[MATERIAL TO PROCESS — start]
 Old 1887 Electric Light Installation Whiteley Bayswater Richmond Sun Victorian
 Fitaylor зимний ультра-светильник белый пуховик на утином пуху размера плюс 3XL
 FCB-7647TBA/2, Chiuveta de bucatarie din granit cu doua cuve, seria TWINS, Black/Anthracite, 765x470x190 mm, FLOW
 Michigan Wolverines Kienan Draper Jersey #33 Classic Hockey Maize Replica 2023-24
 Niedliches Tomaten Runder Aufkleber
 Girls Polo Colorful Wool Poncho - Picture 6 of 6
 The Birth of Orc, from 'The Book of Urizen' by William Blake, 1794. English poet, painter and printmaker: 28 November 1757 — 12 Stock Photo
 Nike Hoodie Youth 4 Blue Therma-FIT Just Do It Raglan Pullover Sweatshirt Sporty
[MATERIAL TO PROCESS — finish]
Give the data again, exactly as written.

 Old 1887 Electric Light Installation Whiteley Bayswater Richmond Sun Victorian
 Fitaylor зимний ультра-светильник белый пуховик на утином пуху размера плюс 3XL
 FCB-7647TBA/2, Chiuveta de bucatarie din granit cu doua cuve, seria TWINS, Black/Anthracite, 765x470x190 mm, FLOW
 Michigan Wolverines Kienan Draper Jersey #33 Classic Hockey Maize Replica 2023-24
 Niedliches Tomaten Runder Aufkleber
 Girls Polo Colorful Wool Poncho - Picture 6 of 6
 The Birth of Orc, from 'The Book of Urizen' by William Blake, 1794. English poet, painter and printmaker: 28 November 1757 — 12 Stock Photo
 Nike Hoodie Youth 4 Blue Therma-FIT Just Do It Raglan Pullover Sweatshirt Sporty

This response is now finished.